Hence why I got dressed for once to be seen in public, went to Starbucks, and got an iced pumpkin spice latte.
Pumpkin spice, everything will hopefully be nice eventually.
It’s ironic how happy I look in this photo considering that graduation has not been an entirely happy time. Granted, I took this photo a day or two before the graduation ceremonies and the drama occurred.
During the first of the three commencements I attended, I was just trying not to cry the entire time. The second two ceremonies were less emotionally intense, despite the pouring rain, but afterward, my sister went to the ER during dinner due to a potential concussion (which thankfully, she didn’t have). This caused my mom to stress out excessively. Then I moved home, which was exhausting although my grandparents helped out tremendously. The next day, I went to a family dinner with my parents and my sister, which ended in tears on my part and my mom stormed out of the restaurant. She ignored me and my sister until the following evening. Lastly, my girlfriend got an internship, which is incredibly exciting but I’ve cried a ton because of it. The last part of these dramatic days is what I really want to talk about now because the other stuff has been resolved.

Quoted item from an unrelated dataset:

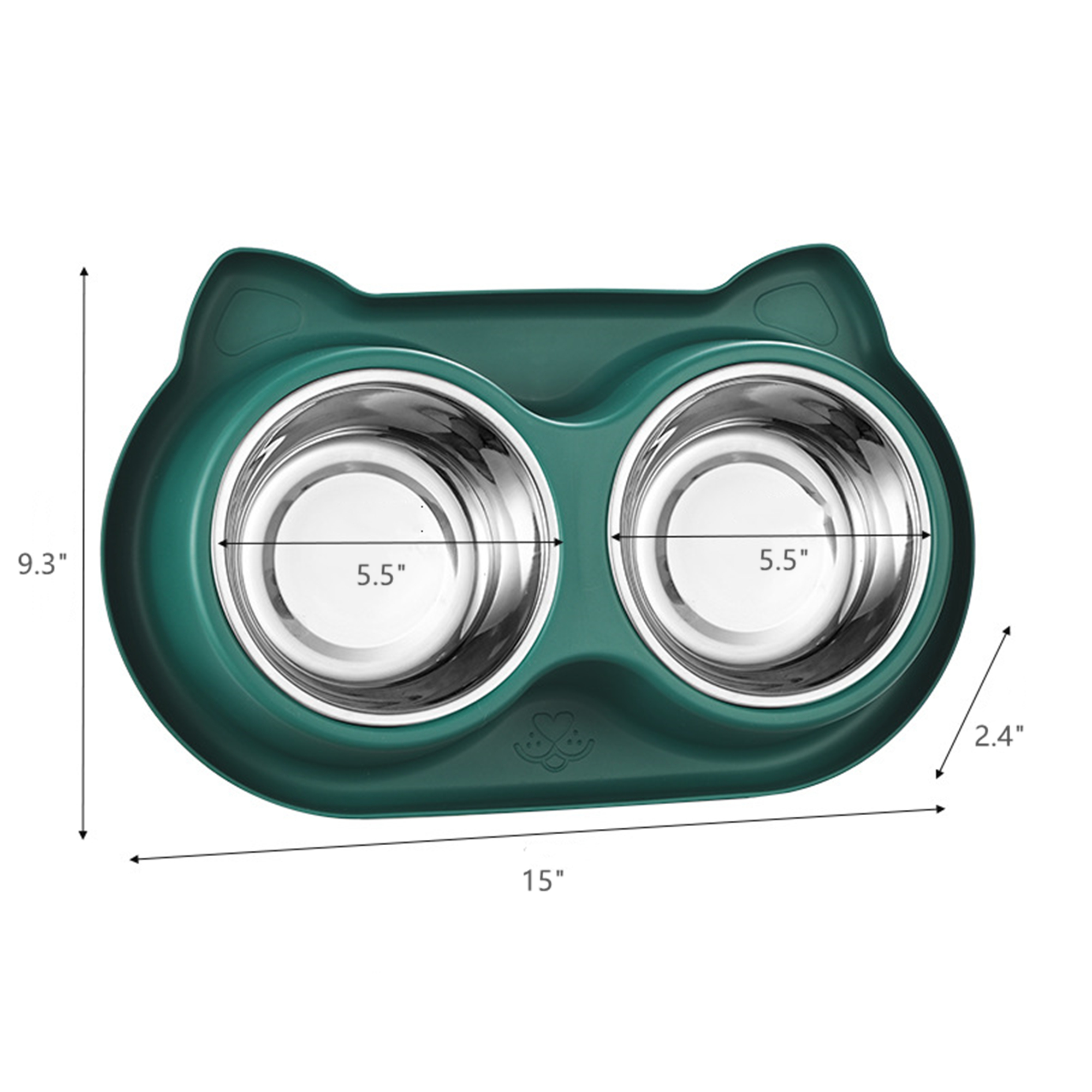 Water And Food Feeder Bowls With Silicone Mat 2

I am afraid of being alone this summer, which seems like it’s going to happen anyway. This has caused me to spiral into sadness when the people around me are successful. Pretty much all my friends have jobs and/or are moving out of state/out of the country. No one is going to be local to me except for my sister, but even she has a job. I mean, yeah, I have a part-time job until mid-August that allows me to work remotely, which would allow me the time and flexibility to
- Research PhD programs
- Apply for jobs
- Study for the GREs
- Organize my life both physically (my room is a mess) and mentally (I’m a mess)
- Do my month-long, intensive yoga teacher training
So yeah…I need to be alone to do most of these, if not all, of these activities. Therefore, I will have plenty of time to accomplish these goals because I have a part-time job during these critical summer months. On the other hand, though, I wanted to do fun activities and trips and because not even my girlfriend will be local to me now…I feel like I can’t do them unless I want to go on my own.
My girlfriend said she is going to see me weekly, and I believe her but when she’s not seeing me, she’s going to be working and having fun where she’s at. Everyone is going to be having fun where they’re at. Meanwhile, I feel worried that I’m just going to be at my parents’ home, alone studying or something…which isn’t bad…I have different goals than her and everyone else for this summer but…I don’t know what my problem is. I’m jealous of everyone else, I’m comparing everyone else to myself, and so I feel bad about myself for no reason.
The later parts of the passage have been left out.